From work as a customer service rep for an airline, I’ve learned that some people can insensitive to the pain of others, and some down right rude and mean. Especially if their flight is affected by circumstances beyond anyone’s control, such as weather or something happening during their flight itself which causes them to be delayed or redirected to somewhere other than their intended destination. Some people even blamed hurricane Odile in September on our airline as a way to mess up their vacation in Los Cabos San Lucas. REALLY!
I’ve also learned that it isn’t just people I deal with at work, even people in grocery stores where I’m shopping can be rude and mean. This world is going to heck in a hand basket. But I’ve also seen others who will go out of their way to be pleasant, helpful and nice. I treasure those moments and try to forget the others.
I’ve also dealt with lost work due to illness and headaches, which resulted in lost wages so I’ve had to tighten the belt more than I anticipated. But the headaches are being treated now and things will get better.

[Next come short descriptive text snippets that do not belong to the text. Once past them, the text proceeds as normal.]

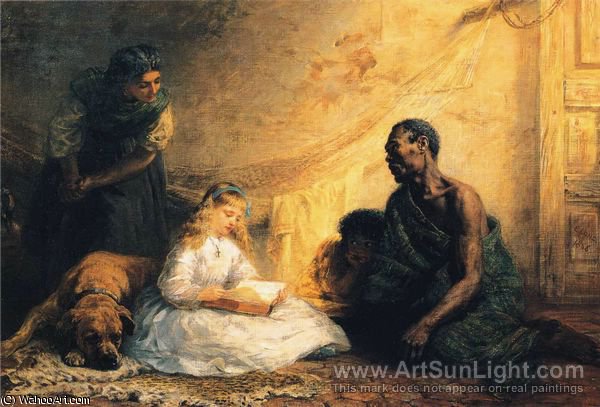 Uncle Tom And Little Eva — Edwin Longsden Long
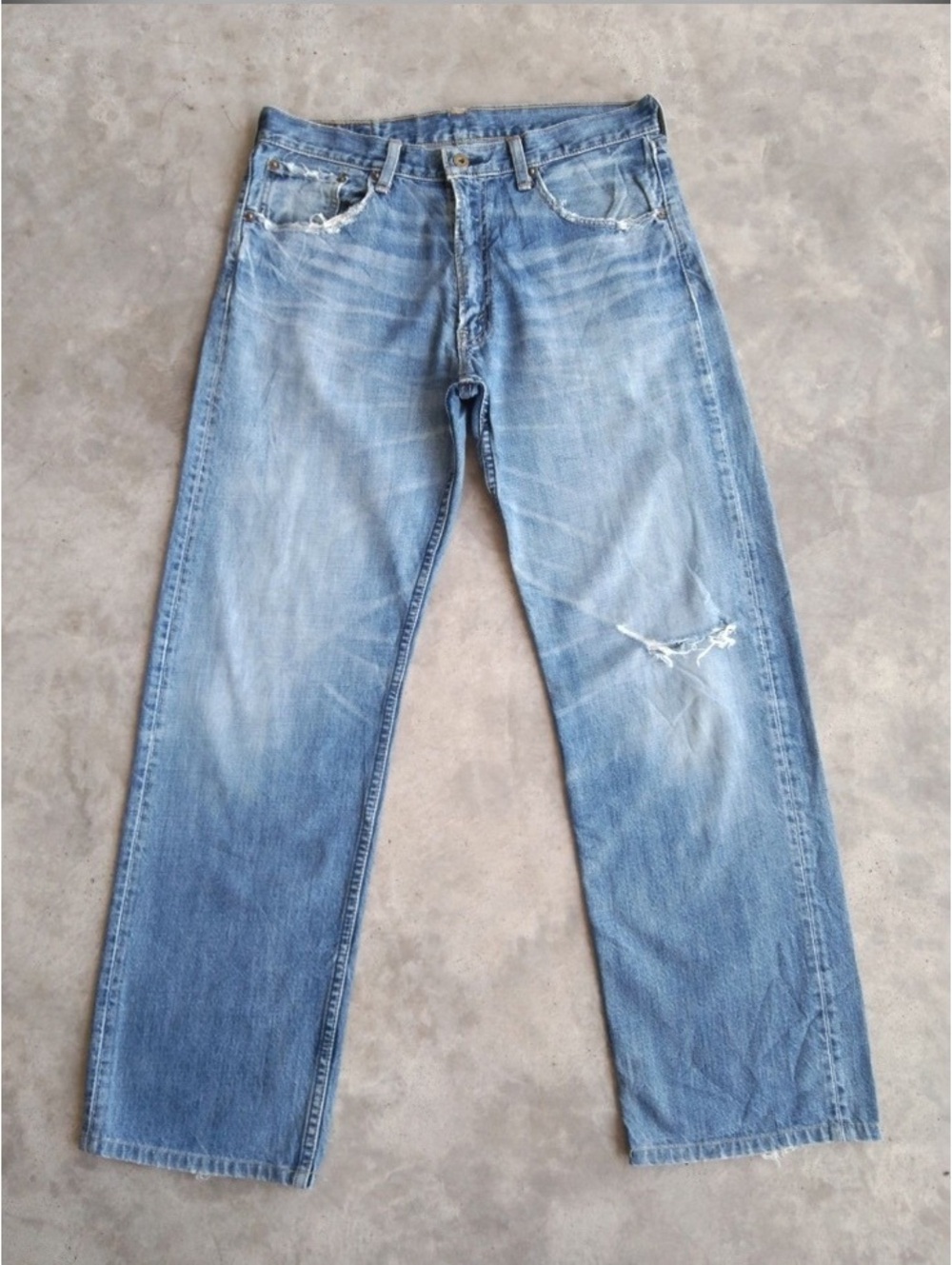 Vintage Levi’s 503 Japan Distressed Light Faded Jeans 32x30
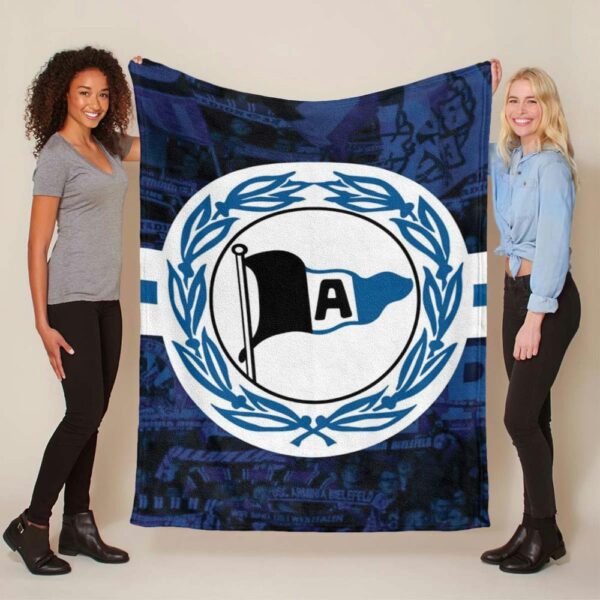 DSC Arminia Bielefeld Fc blau Fleecedecke - Decke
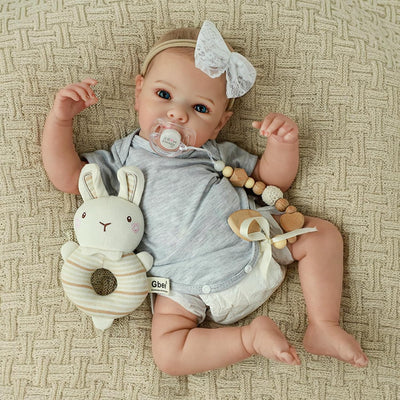 WOOROY Realistic Reborn Baby Dolls - 20 Inch Lifelike Silicone Baby Girl with Full Vinyl Body, Real Life Newborn Anatomically Correct Doll Gifts Toy with Accessories for Kids 3+
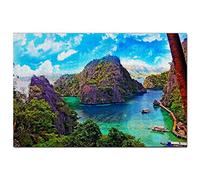 Philippines Jigsaw Puzzle 1000 Piece Philippines Hidden Beach El Nido Palawan Puzzle Game Artwork Travel Souvenir 52x38cm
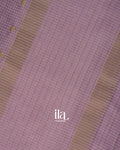 Lavender Checkered Semi Tussar Saree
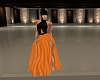 Blk & Orange Zebra dress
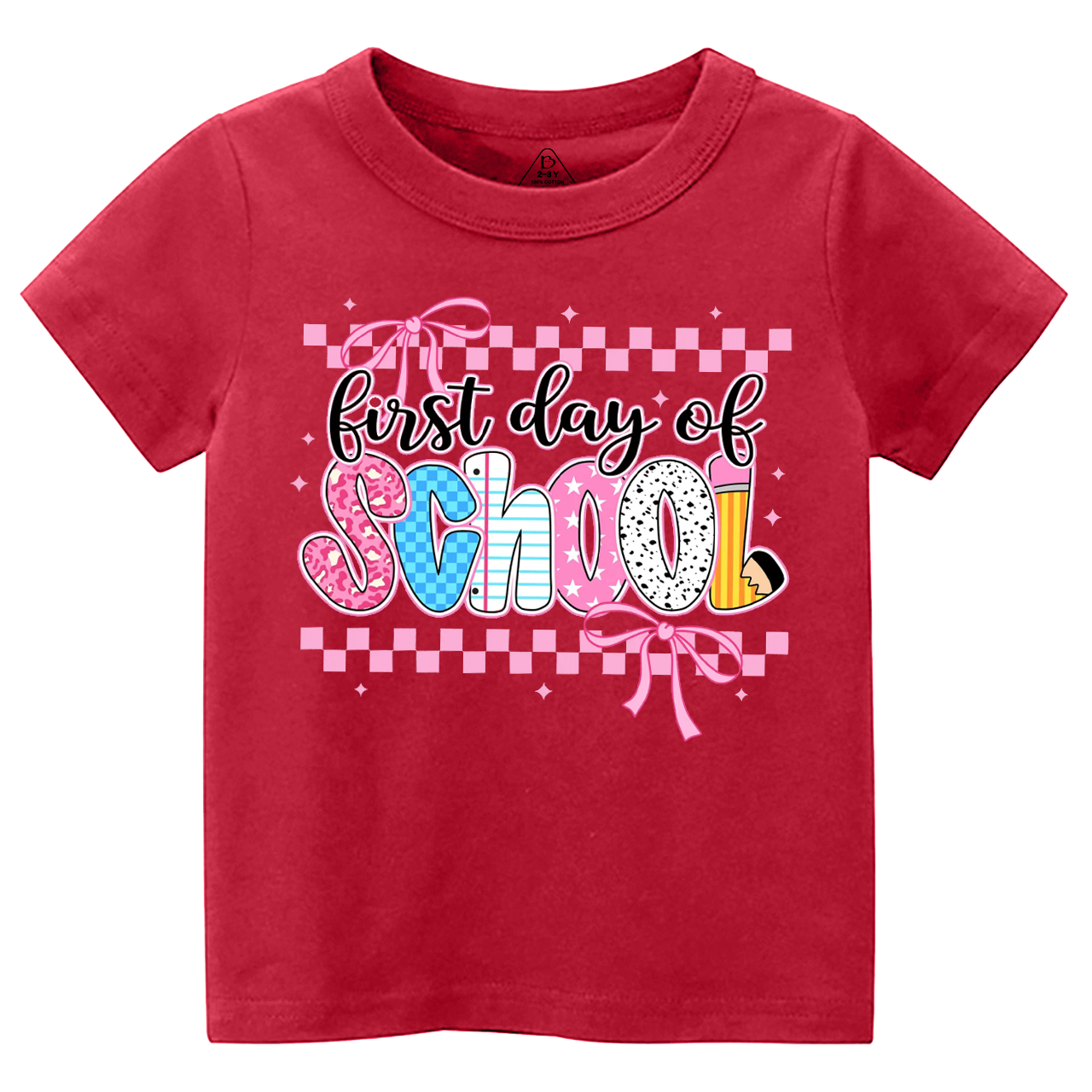 Coquette First Day Of School Toddler&Kid's Tees Osebee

Sparky is still being his lovable self. Our most recent battle though is for my chair. He covets it, and every time I’m not in sitting in it he grabs it. Even if I just to go to the bathroom, he jumps up in it and attempts to settle in. I have a small box with a towel next to the heater which he resigns himself to when he can’t have the chair. One day I’ll get him his own chair again. We live in a studio apartment so there isn’t much room for another chair but I’ll figure something out.
Well, I guess that’s it for now. Look for more news on my hopes for the new year later.
If I can get through the holidays and keep my sanity and don’t go postal on someone, I’ll be OK.